[Start of Attachment]

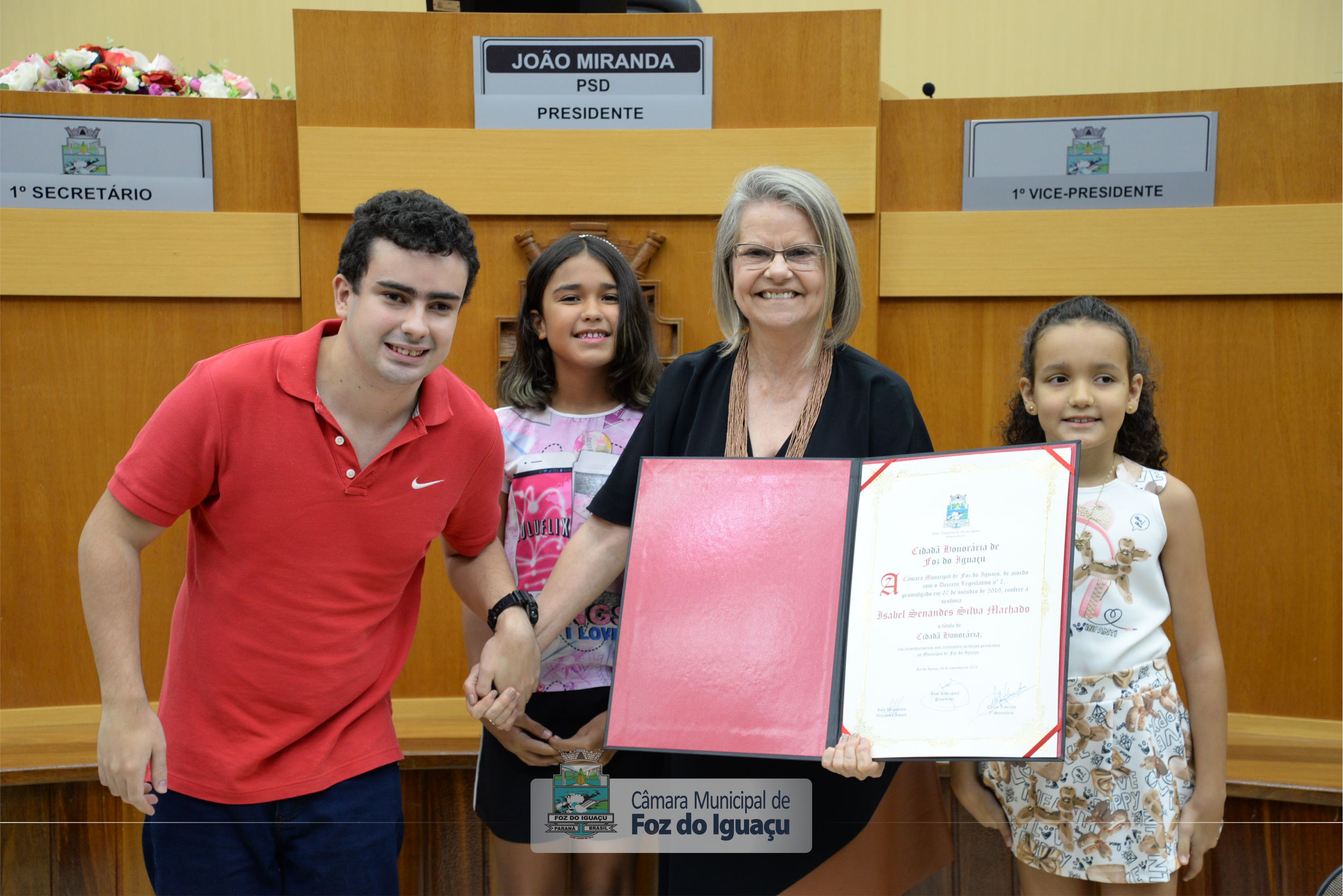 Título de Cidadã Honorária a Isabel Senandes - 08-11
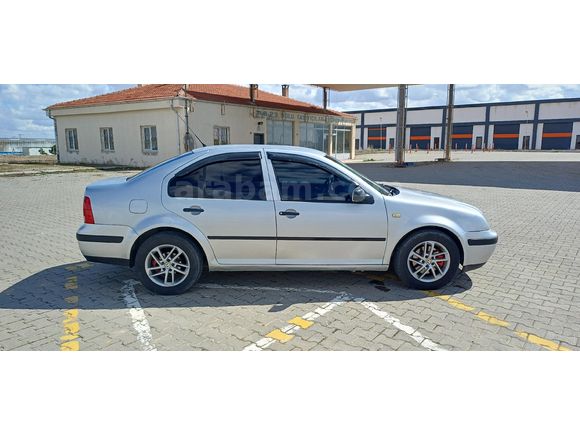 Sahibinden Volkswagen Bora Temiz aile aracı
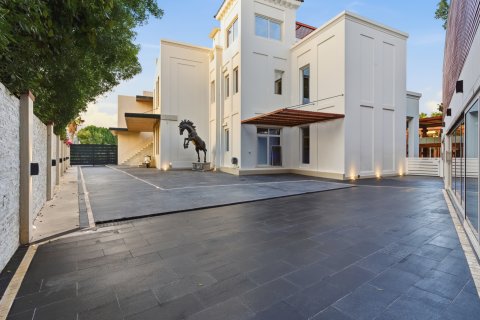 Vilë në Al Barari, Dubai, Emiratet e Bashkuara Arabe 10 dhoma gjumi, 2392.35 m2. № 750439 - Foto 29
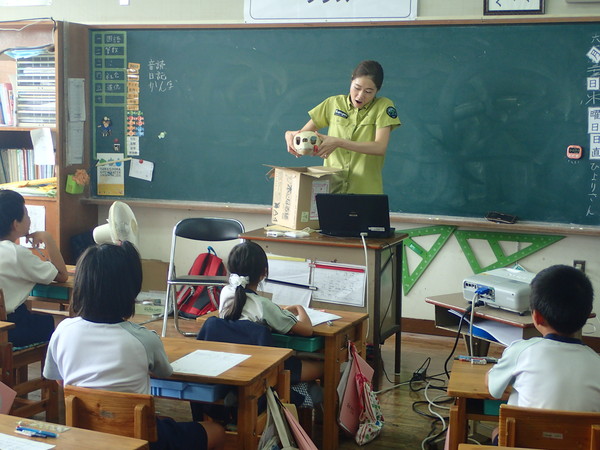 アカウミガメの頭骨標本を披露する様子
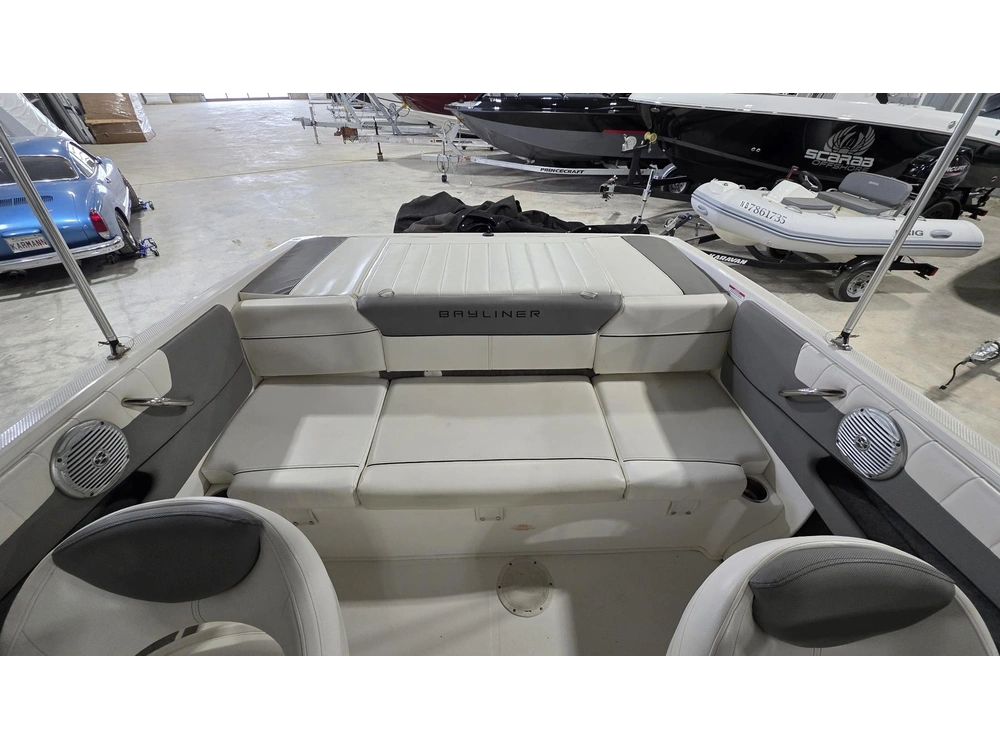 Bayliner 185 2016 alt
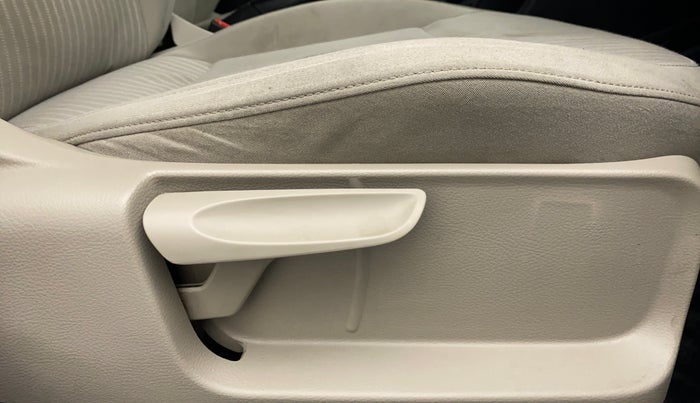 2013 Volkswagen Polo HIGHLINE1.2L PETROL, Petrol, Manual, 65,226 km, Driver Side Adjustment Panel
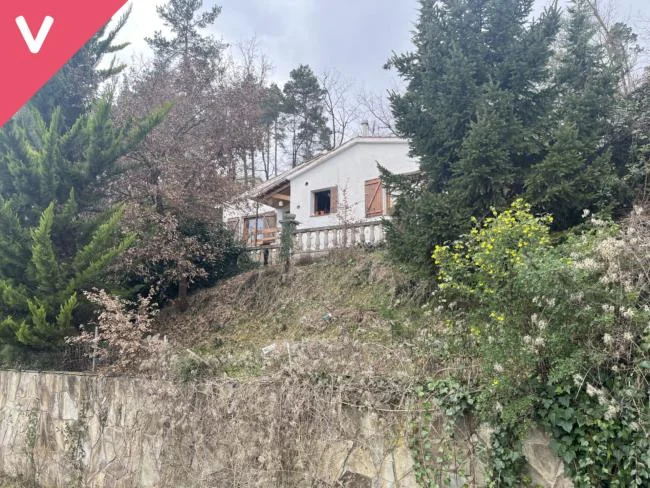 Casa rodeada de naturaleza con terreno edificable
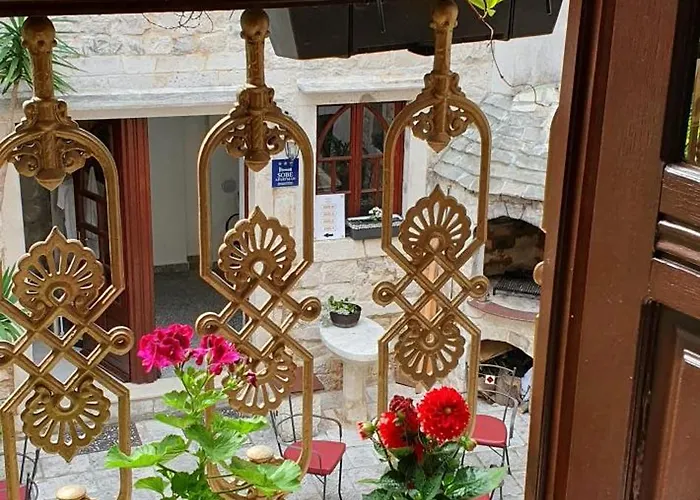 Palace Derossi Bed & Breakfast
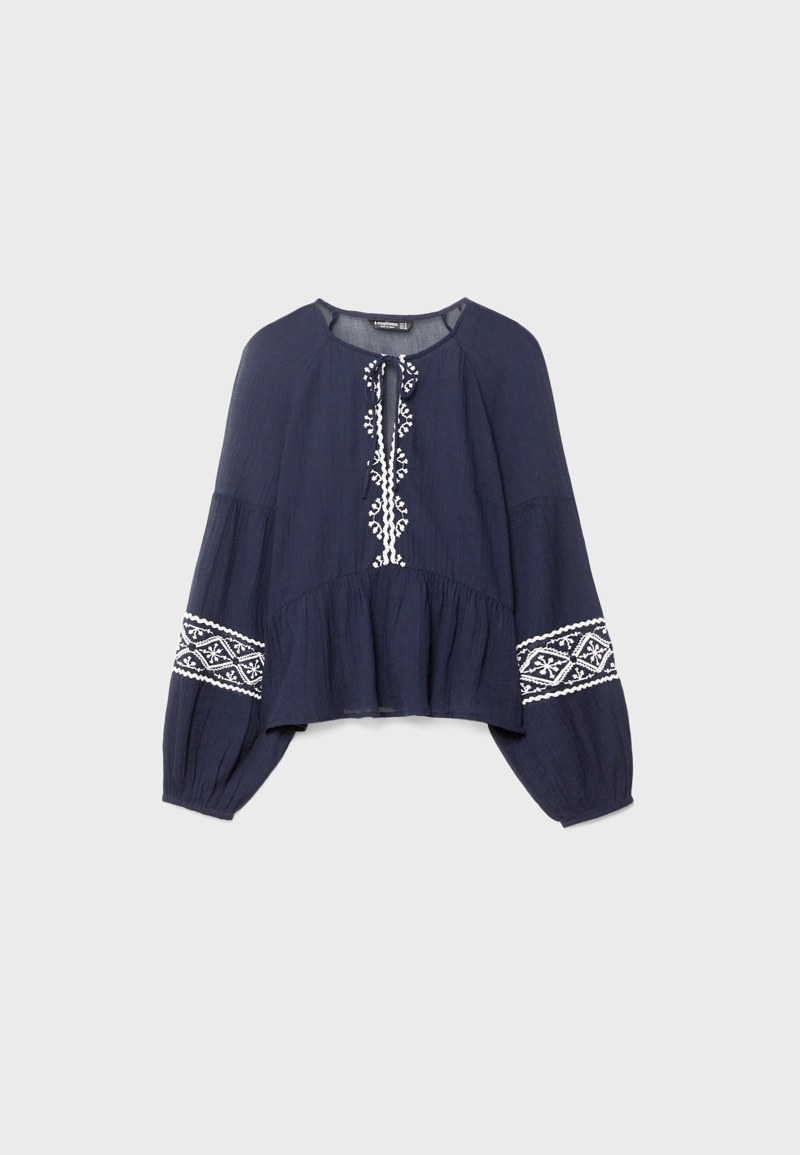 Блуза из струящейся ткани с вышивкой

[End of Attachment]

Exclude the pictures and repeat the entries word for word.

 Título de Cidadã Honorária a Isabel Senandes - 08-11
 Sahibinden Volkswagen Bora Temiz aile aracı
 Vilë në Al Barari, Dubai, Emiratet e Bashkuara Arabe 10 dhoma gjumi, 2392.35 m2. № 750439 - Foto 29
 アカウミガメの頭骨標本を披露する様子
 Bayliner 185 2016 alt
 2013 Volkswagen Polo HIGHLINE1.2L PETROL, Petrol, Manual, 65,226 km, Driver Side Adjustment Panel
 Casa rodeada de naturaleza con terreno edificable
 Palace Derossi Bed & Breakfast
 Блуза из струящейся ткани с вышивкой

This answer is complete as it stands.